This whole business of the Bren being 'too accurate' is a bit bizarre, especially when tied to a claim of the beaten zone being "too small."
The beaten zone of any automatic weapon is very, very long and very, very narrow. For modern GPMGs, while the size will depend on any number of factors, a typical beaten zone (the eliptical shape into which the bullets will fall on the ground) is but metres wide and hundreds of metres long. Essentially, on a 1:50,000 map, it's like a pencil line 1/2" long.
No machine gun is properly used by swinging it back and forth, spraying bullets like a garden hose watering the vegetables.
In the defensive, one sites one's machine guns so as to place the beaten zones across likely enemy axes of advance. So long as the guns keep firing, nobody and nothing can cross that area unless it's armour-plated. That it's even one metre wide is immaterial - the opposition can no more run between bullets without getting hit than they can through raindrops without getting wet.
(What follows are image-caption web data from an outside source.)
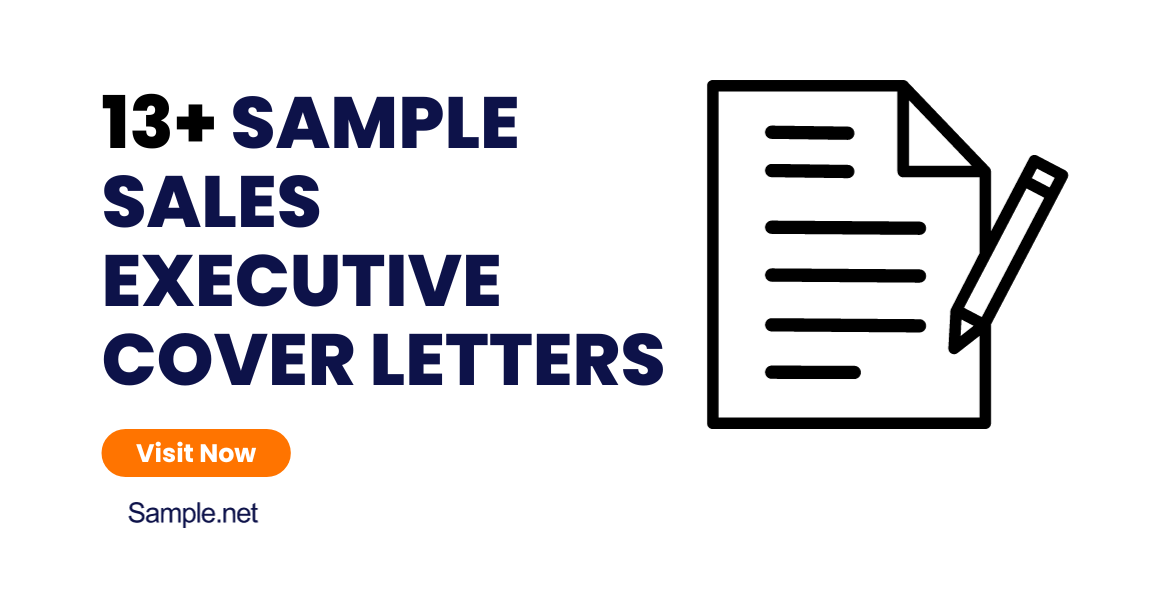 sample sales executive cover letters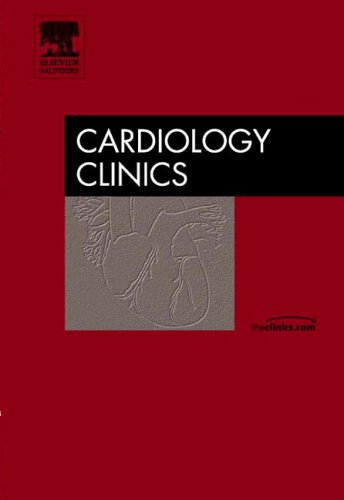 Обложка книги Chest Pain Units, An Issue of Cardiology Clinics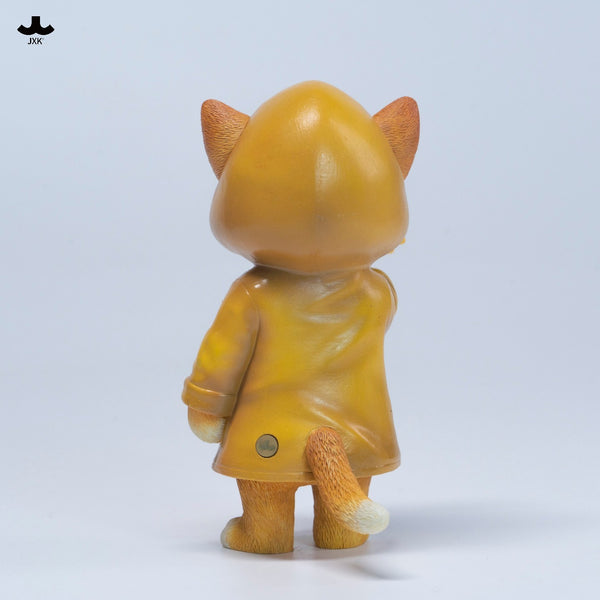 JXK 雨中小貓 Little Cat Beneath the Rain (預購商品)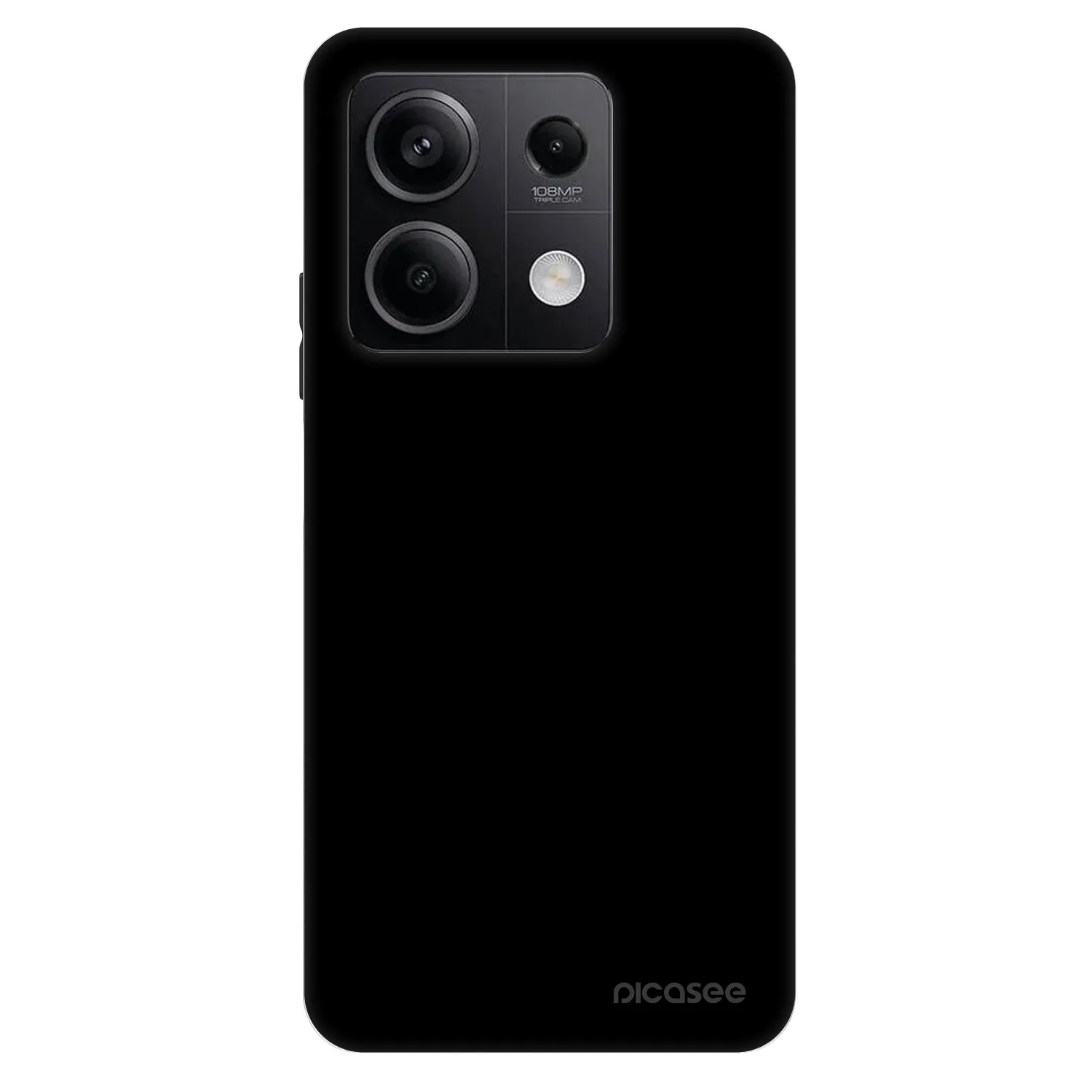 Picasee Fashion Case für Xiaomi Redmi Note 13 5G - Black Bliss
It's not much different in the offence. Sure, you can wave it back and forth in the hopes of keeping the opposition's heads down, but you could do that with a laser, too. Having a very wide beaten zone would not only broaden the slice of ground the bullets are landing in, but would also result in many more of your bullets coming nowhere near the opposition, going either overhead or burying themselves in the ground in front.
If the cone of fire (that cornucopia-like shape down which the bullets fly in mid-air) gets wide enough to please such commentators, the weapon will be too inaccurate to be able to reliably engage targets at a distance.
Saying a weapon is too accurate is like saying a woman can be too pretty or a beer too tasty.